Sue Young Histories

Tsar Nicholas II 1868 – 1918

September 26, 2009

Tsar Nicholas II 1868 – 1918Tsar Nicholas II 1868 – 1918 was the last Emperor of Russia, Grand Duke of Finland, and claimed the title of King of Poland. His official title was Nicholas II, Emperor and Autocrat of All the Russias and he is currently regarded as Saint Nicholas the Passion-Bearer by the Moscow Patriarchate of the Russian Orthodox Church.

Tsar Nicholas II was a patient (http://en.wikipedia.org/wiki/Papus) of Gerard Anaclet Vincent Encausse, as was his wife Tsarina Alexandra, and he was attended by a Tartar homeopath at the end of his life (Elisabeth Heresch, Blood on the snow: eyewitness accounts of the Russian Revolution, (Paragon House, 1 Jul 1990). Page 43).

Tsar Nicholas II granted a plot of land to the St. Petersburg Society of Homeopathic Physicians in 1905 for the building of a sanitorium (Alexander Kotok, M.D., The history of homeopathy in the Russian Empire until World War I, as compared with other European countries and the USA: similarities and discrepancies, (On-line version of the Ph.D. thesis improved and enlarged due to a special grant of the Pierre Schmidt foundation 2001)).

Tsar Nicholas II’s brother in law Nikolai Alexandrovich Kulikovsky was an advocate of homeopathy, as were his ancestors Tsar Alexander I, Tsar Alexander II, Tsar Alexander III, Tsar Nicholas I, and his first cousin George V,

Gerard Anaclet Vincent Encausse visited Russia three times, in 1901, 1905, and 1906, serving Tsar Nicholas II and Tsarina Alexandra both as physician and occult consultant.
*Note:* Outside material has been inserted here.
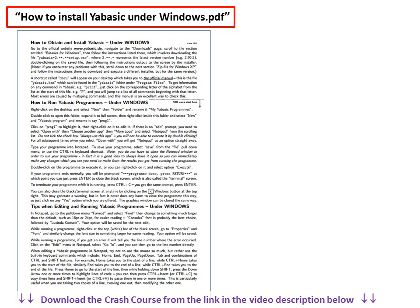In this video, we should look at this document, how to install YABasic under Windows.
In October 1905, he allegedly conjured up the spirit of Tsar Alexander III, the Tsar Nicholas II’s father, who prophesied that Tsar Nicholas II would meet his downfall at the hands of revolutionaries.

Gerard Anaclet Vincent Encausse’s followers allege that he informed Tsar Nicholas II that he would be able to magically avert Alexander’s prophesy so long as Encausse was alive: Tsar Nicholas II kept his hold on the throne of Russia until 141 days after Gerard Anaclet Vincent Encausse’s death.

Although Gerard Anaclet Vincent Encausse seems to have served Tsar Nicholas II and Tsarina Alexandra in what was essentially a shamanic capacity, he was later curiously concerned about their heavy reliance on occultism to assist them in deciding questions of government. During their later correspondence, he warned them a number of times against the influence of Rasputin.

From http://en.wikipedia.org/wiki/Nicholas_II_of_Russia Nicholas II ruled from 1894 until his abdication on 15 March 1917. His reign saw Imperial Russia go from being one of the foremost great powers of the world to an economic and military disaster.

Critics nicknamed him Nicholas the Bloody because of the Khodynka Tragedy, Bloody Sunday, and the anti Semitic pogroms that occurred during his reign.

As head of state, he approved the Russian mobilization of August 1914 which marked the first fatal step into World War I and thus into the demise of the Romanov dynasty.

Nicholas II abdicated following the February Revolution of 1917 during which he and his family were imprisoned first in the Alexander Palace at Tsarskoe Selo, then later in the Governor’s Mansion in Tobolsk, and finally at the Ipatiev House in Yekaterinburg.

Nicholas II, his wife, his son, his four daughters, the family’s medical doctor, the Tsar’s Valet, the Empress’ Lady in Waiting and the family’s cook were all killed in the same room by the Bolsheviks on the night of 17 July 1918.

This led to the canonization of Nicholas II, his wife the Empress and their children as martyrs by various groups tied to the Russian Orthodox Church within Russia and, prominently, by the Russian Orthodox Church outside Russia.